All those different tastes, the celebration around the dinner table with family and friends. It is an integral part of Earthly culture and a large part of your expansion while incarnated here. And despite the fact that we require it to exist, most humans have an ongoing love-hate relationship with food.
Consider two trains of thought on food’s value in one’s life. You can either:
Exist to eat.
or
Eat to exist.
Growing up in a large Sicilian family, my best memories were of family gatherings focused on food. And if you have ever eaten with an Italian family, you know that food is taken very seriously. If you’re not sitting AND eating, then Italian mothers question your health and your overall sanity. We ate well, and often.
There are other cultures in which food’s main function is as a tool to fuel the physical body. The attention is less on the community experience as it is on food’s utilitarian benefits.
So where are you on this scale? There is no right or wrong answer, and there can be a healthy balance between the two.
Once you determine your beliefs about food, you can delve deeper into what food does to your body after you eat it.
Western capitalism thrives on our addiction to food. Not just to satisfy hunger, but to address emotional issues that underly our actions. Corporations are banking on your addiction to food. Most don’t want you to understand your reasoning behind why you crave it; that would be lost revenue for them if you become a conscious consumer. So it continues to be advertised in an emotionally-charged manner in hopes of selling you more.
And unconscious early programming instructs many of us to use food to solve our problems.
Early programming also determines how what you eat affects you. Do you believe that you can eat anything you want and not get fat? Few people do. More likely, you believe that the more you eat, the fatter you get.
That may or may not be true for you, but the belief that it is so will make it so, in your physical reality.

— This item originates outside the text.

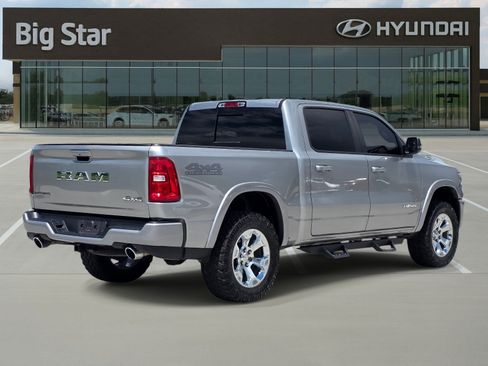 Used 2025 RAM 1500 Big Horn AWD/4WD image 4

And my answer is not to simply change your belief about food making you fat. My answer is to ask yourself what you feel when you’re eating the food that you eat.
- Does it make you feel energized?
- Do you feel full after you eat it?
- Do you feel “guilty” about what you’re eating?
- Do you recognize cravings and what steps do you take to satisfy them?
Questioning how you FEEL about your food will help you determine how your body processes food.
So before you eat whatever you’re about to eat, ask yourself how you FEEL about putting it in your mouth. Is there something else you could eat that may make you feel better about eating? Are you even hungry?
Once you’ve identified the feeling, adjust accordingly, and dig in.